Software

artifact_detection

A tool automatically classifies text into natural language (e.g., English), and non-natural language text portions (e.g., stack traces, code snippets, log outputs, file listings, urls,) on a line-by-line basis using natural language processing (NLP).

It is intended to be used as a preprocessing step in NLP approaches on bug reports. The Python implementation of the machine learning classifier model, basic scripts for automated training set creation from GitHub issue tickets, a sample dataset sourced from 101 Java projects hosted on GitHub, and a scikit-learn transformer that wraps the pretrained model to be used as preprocessing step in a scikit-learn pipeline can be found on GitHub and Zenodo.

prunedSlicing

A dynamic slicer for Python 3 programs that implements our pruned slicing extension as described in our paper “Pruning Boolean Expressions to Shorten Dynamic Slices“.

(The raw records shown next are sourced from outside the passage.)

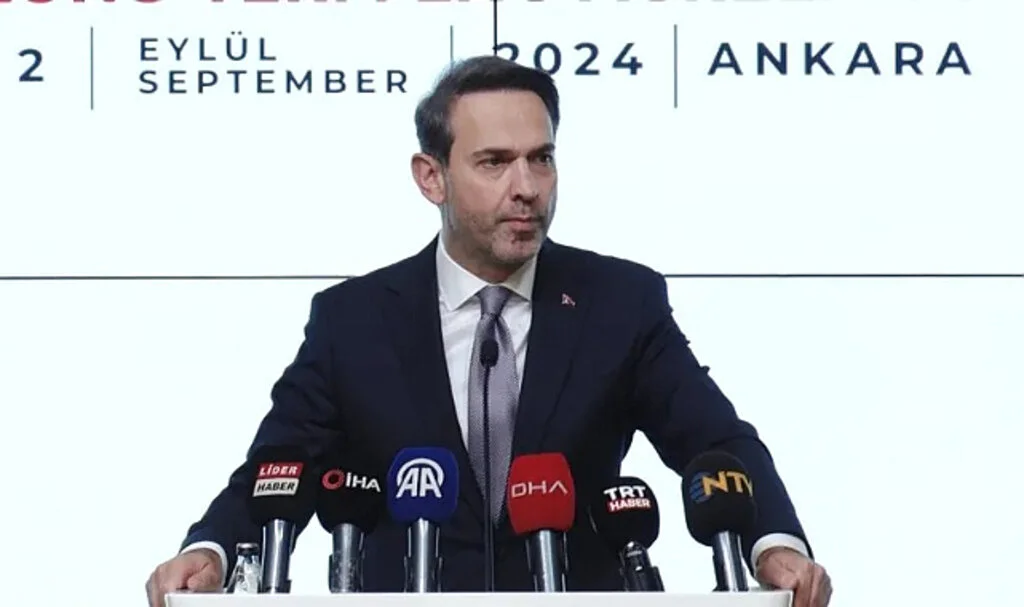 Türkiye, Shell ile 10 Yıllık LNG Anlaşması İmzaladı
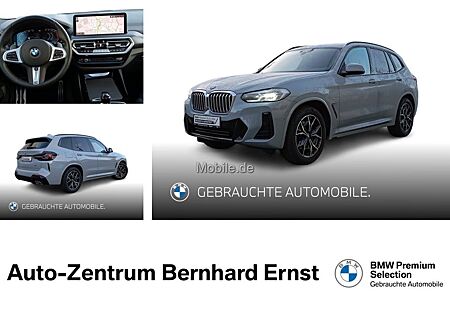 BMW X3 xDrive30d M Sport Pano AHK Standheizung HUD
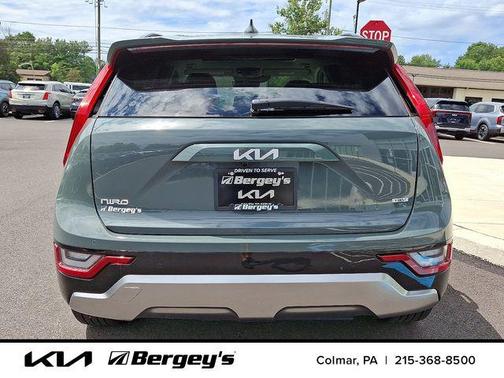 2025 Kia Niro Touring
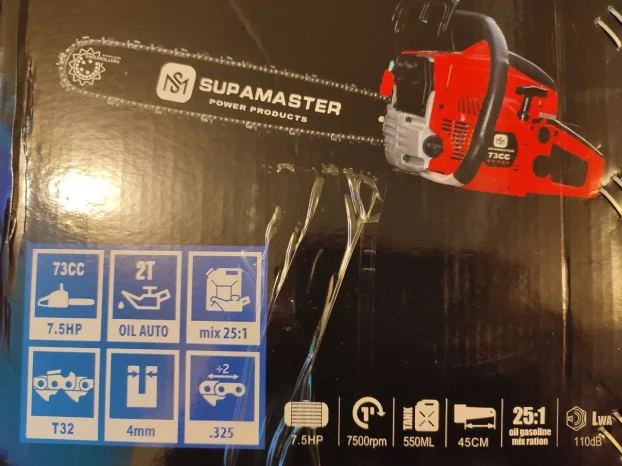 SM-9700 Testera SUP AMASTER 7,5KS NA LAGERU!
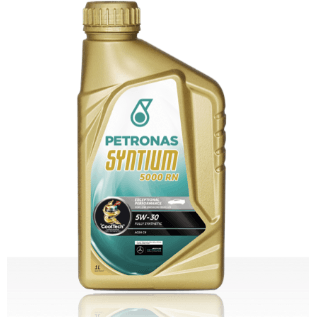 Petronas Syntium 5000 RN 5W-30 - Xpert Cleaning
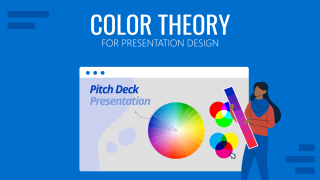 what colors are good for presentations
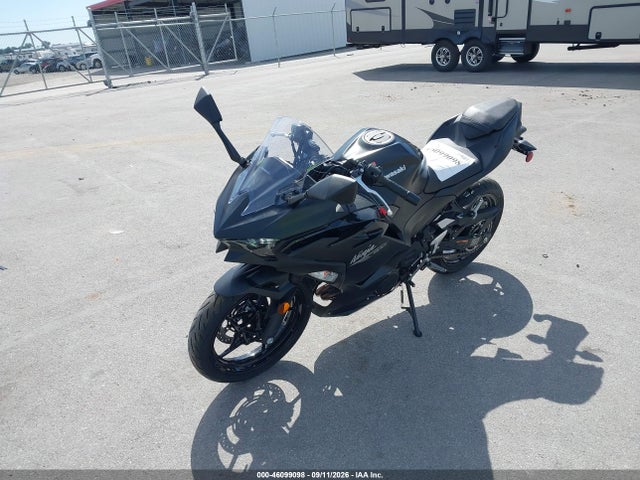 Aukcja sprzedaży 2026 Kawasaki Ex500 H, vin: ML5EXGH15TDAC0516, numer aukcji: 46099098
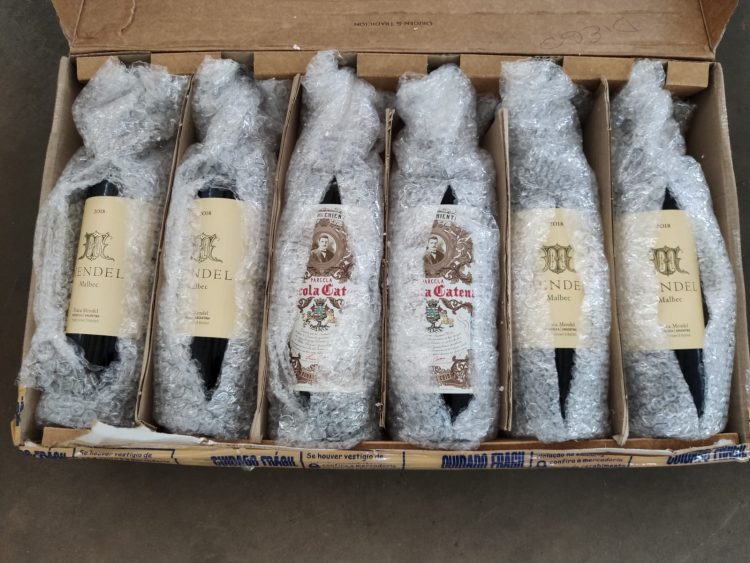 Receita federal realiza operação em Matelândia no Centro de Distribuição dos Correios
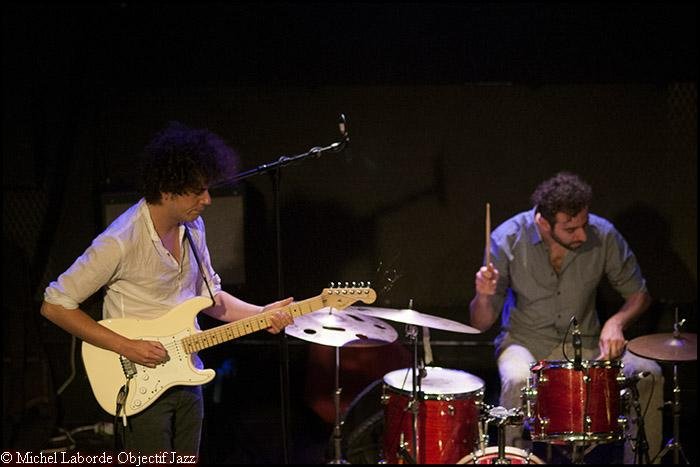 Julien Desprez, Yann Joussein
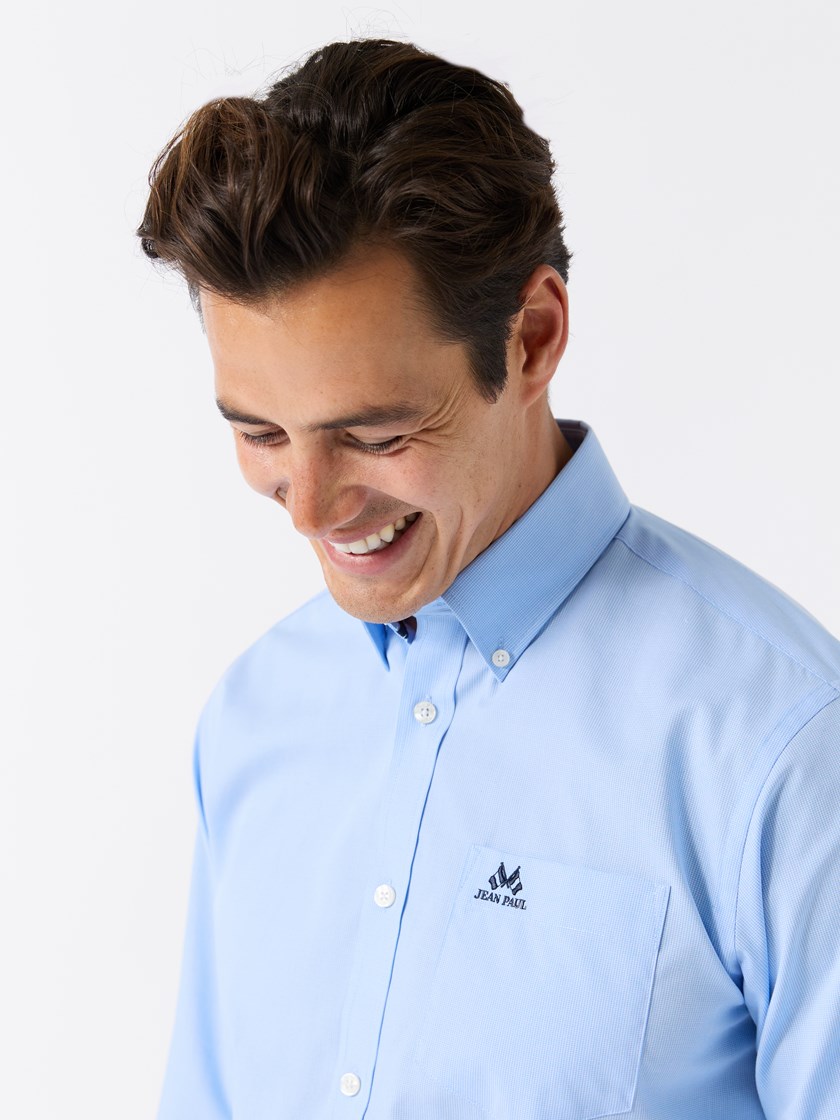7512653 E9O 7512653_E9O_Jean Paul_Kurt Skjorte_A25 (2)_Kurt skjorte - Classic fit E9O.jpg_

This proof of concept implementation is available on GitHub and Zenodo, including a comprehensive test suite, and the TCAS, QuixBugs, and Refactory datasets used in its evaluation. The tracer is based on the Python AST package, and this current implementation is limited to tracing and slicing single-file Python programs.

fault_type_prediction

SVM and ensemble based machine learning models for software fault type prediction.

These models classify a given textual bug report into one of four categories – Semantic, Concurrency, Memory, and Other.
The implementation is based on Python 3 and scikitLearn, and is available on GitHub and Zenodo. This includes manually labeled trainingsets, documentation, examples, and evaluation scripts.